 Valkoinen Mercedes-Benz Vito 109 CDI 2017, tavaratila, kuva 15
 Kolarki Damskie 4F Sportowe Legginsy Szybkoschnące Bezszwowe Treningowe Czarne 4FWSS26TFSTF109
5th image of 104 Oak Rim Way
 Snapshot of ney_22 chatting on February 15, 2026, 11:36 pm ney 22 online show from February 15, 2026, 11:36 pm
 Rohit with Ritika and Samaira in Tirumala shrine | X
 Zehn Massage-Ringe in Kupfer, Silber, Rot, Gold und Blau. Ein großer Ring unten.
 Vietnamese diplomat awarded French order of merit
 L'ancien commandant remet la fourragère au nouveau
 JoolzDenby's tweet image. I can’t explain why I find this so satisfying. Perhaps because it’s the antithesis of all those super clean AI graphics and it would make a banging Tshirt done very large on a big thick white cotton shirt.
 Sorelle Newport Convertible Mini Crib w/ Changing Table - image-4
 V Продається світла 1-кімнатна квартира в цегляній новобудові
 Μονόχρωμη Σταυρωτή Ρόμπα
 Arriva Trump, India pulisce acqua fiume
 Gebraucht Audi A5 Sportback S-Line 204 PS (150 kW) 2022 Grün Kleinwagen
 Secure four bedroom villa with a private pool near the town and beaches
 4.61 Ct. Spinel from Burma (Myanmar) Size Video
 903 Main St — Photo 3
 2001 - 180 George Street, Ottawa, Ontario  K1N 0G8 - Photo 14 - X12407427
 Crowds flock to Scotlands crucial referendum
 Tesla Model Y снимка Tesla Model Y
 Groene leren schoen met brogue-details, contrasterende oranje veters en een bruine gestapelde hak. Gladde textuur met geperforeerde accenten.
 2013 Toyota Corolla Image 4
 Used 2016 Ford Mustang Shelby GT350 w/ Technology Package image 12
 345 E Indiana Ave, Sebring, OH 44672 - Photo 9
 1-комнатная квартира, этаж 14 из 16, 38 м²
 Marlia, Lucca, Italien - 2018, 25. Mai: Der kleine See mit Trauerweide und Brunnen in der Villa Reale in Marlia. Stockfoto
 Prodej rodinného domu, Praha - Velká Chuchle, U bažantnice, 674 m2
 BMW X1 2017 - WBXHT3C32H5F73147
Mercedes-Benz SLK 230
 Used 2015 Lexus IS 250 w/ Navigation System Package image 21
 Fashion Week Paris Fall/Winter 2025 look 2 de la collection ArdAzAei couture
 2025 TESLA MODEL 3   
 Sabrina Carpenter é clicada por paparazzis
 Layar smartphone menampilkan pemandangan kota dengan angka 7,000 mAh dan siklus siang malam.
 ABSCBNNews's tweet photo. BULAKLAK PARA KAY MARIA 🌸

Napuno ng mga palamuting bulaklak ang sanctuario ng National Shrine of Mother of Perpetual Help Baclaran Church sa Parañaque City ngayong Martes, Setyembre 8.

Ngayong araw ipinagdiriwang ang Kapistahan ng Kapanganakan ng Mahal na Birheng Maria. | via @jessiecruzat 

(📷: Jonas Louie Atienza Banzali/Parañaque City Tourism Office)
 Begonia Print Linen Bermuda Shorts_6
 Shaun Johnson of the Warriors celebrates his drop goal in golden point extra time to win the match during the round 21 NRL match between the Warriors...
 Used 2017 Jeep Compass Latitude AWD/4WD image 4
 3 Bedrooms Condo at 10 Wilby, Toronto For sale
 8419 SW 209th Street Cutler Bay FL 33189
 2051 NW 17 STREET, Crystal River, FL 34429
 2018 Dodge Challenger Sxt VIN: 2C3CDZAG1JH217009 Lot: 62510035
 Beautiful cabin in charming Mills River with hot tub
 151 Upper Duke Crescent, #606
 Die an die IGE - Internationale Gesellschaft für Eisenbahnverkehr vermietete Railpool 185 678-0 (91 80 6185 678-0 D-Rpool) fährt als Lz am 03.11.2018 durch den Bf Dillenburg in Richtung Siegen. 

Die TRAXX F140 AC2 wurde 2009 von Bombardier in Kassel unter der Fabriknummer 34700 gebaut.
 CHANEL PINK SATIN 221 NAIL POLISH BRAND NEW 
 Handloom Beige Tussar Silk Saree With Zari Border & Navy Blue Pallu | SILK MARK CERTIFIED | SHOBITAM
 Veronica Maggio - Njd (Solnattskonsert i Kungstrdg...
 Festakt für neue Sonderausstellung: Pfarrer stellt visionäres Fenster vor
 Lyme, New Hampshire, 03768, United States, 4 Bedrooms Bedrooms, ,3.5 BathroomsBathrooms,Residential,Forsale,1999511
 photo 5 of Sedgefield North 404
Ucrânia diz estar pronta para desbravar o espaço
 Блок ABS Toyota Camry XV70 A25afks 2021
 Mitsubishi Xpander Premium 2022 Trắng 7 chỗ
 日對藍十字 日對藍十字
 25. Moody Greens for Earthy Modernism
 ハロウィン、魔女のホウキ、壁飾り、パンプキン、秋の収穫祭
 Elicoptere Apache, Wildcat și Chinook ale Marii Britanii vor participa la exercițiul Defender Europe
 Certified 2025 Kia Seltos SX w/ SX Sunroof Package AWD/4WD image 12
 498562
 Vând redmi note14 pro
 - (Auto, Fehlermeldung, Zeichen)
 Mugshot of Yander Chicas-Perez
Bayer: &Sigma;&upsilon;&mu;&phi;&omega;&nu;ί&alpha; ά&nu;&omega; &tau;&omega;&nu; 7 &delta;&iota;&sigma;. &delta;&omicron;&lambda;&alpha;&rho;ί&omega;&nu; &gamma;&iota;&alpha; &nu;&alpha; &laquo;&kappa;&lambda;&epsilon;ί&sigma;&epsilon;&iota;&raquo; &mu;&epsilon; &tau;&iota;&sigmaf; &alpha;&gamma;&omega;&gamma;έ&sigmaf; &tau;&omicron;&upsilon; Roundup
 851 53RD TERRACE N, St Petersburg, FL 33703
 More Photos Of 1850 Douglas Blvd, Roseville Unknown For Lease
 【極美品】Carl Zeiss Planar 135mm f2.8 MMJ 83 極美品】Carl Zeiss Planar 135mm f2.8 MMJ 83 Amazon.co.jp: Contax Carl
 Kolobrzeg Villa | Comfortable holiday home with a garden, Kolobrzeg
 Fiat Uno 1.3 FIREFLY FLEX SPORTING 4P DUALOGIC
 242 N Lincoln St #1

* * *

Say how many lines of the listing above contain "Benz". Include nothing besides the number.

2